Bluebird
L'avis de Ricochet
A la mort de sa femme, Curtis quitte son emploi misérable et part avec sa fille Minnie sur les routes. Il devient « songster » et la petite avec lui. Cette vie de bohème n’est pas si mal, en comparaison de ce que subissent encore les autres Noirs du Sud américain des années 1940. Parce que Minnie s’est foulé la cheville, ils s’arrêtent quelque temps dans une plantation tenue par l’affreux Silas, membre du Ku Klux Klan. Minnie rêve, elle veut enregistrer un disque, elle veut chanter avec son « fantôme », le fils d’un gardien irlandais de la plantation.
Par un horrible concours de circonstances, Minnie voit son père battu par le Ku Klux Klan. Elle s’enfuit, prend le train de Chicago et entame une nouvelle vie. Ce qu’elle ne sait pas, c’est que son père n’est pas mort, que Silas va disparaître, que les gardiens étaient en fait de braves gens prêts à donner leur liberté à tous les employés de la plantation… Mais Minnie se concentre sur son disque, et elle va tout faire pour devenir chanteuse de blues – peu importent le jazz et les nouvelles formes musicales –.

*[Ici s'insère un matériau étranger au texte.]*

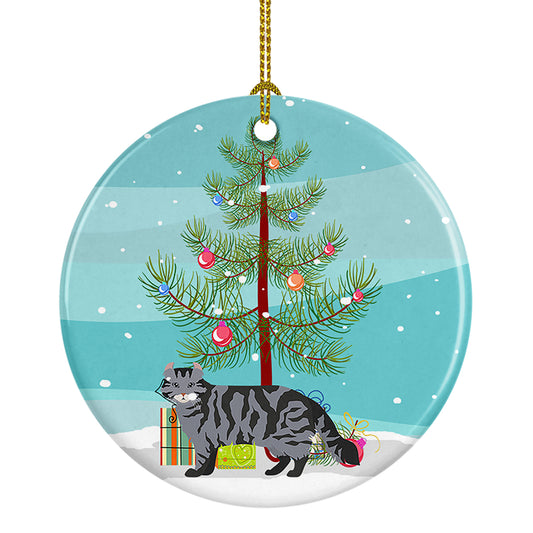 Buy this American Curl Cat Christmas Ceramic Ornament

Les thèmes sont fascinants : musique portée par des âmes blessées, apartheid omniprésent, plus que brutal, et ambitions au long cours de personnages romanesques en diable. Sur cette matière riche, Tristan Koëgel a soigneusement choisi sa narration : qui parle, le moment où cette personne parle, et ce qu’elle choisit de nous dévoiler des événements. Les temps de parole de Minnie, de Nashoba, de Elwyn sont relativement longs, donnant la possibilité au lecteur de se plonger dans un quotidien qui nous semble lointainement disparu, et qui n’a pourtant même pas un siècle.
Le cœur de l’Amérique est là tout entier, de l’Indien parqué dans sa réserve à la Buick rutilante, symbole insolent de revanche, en passant par les armes vite dégainées pour un rien. Il y a aussi de l’absurde dans cette histoire de coopérative ouvrière qui fait fi de son propriétaire disparu, et le lecteur s’amuse avec Papy, avec McKinley (les personnages secondaires sont aussi nombreux que réussis).
Mais c’est la solidarité et l’amour qui vont évidemment sauver Minnie, devenue Bluebird. Sans oublier la musique, ce blues lancinant presque audible entre les lignes, ce blues qui transcende son apparente résignation pour mieux se lancer vers l’avenir. Il est partout dans le roman, que ce soient des extraits de chansons, un couteau émoussé sur des cordes de guitare, ou une description inspirée et presque violente. Superbe.
« Je regardais les Coupeurs de tête [un groupe musical] s’exciter dans leur costume impeccable. Ces gars-là avaient tiré des mules au pays des fous, les pieds dans la boue, ils avaient usé leur salopette en frottant dessus leurs mains pleines de cambouis, ils avaient vu leur père, leur mère, leurs amis frappés, humiliés, morts, et là, derrière leur cravate, c’étaient des princes. Cette machine infernale qui écrasait le club [à Chicago], c’était le Delta, le Delta électrique, mais le Delta quand même. C’était le hurlement de ceux qui prenaient leur revanche. » (Minnie, p. 210)
Présentation par l'éditeur
Elwyn est fils d’immigrés irlandais, Minnie, fille d’un chanteur itinérant noir. Ils se rencontrent dans une plantation, et tombent amoureux. Ils ont 13 ans, et ne savent pas que leur vie est sur le point de basculer. Quelques jours plus tard, en effet, Minnie assiste au passage à tabac de son père par des hommes du Ku Klux Klan. Effondrée, elle saute dans le premier train, en partance pour Chicago.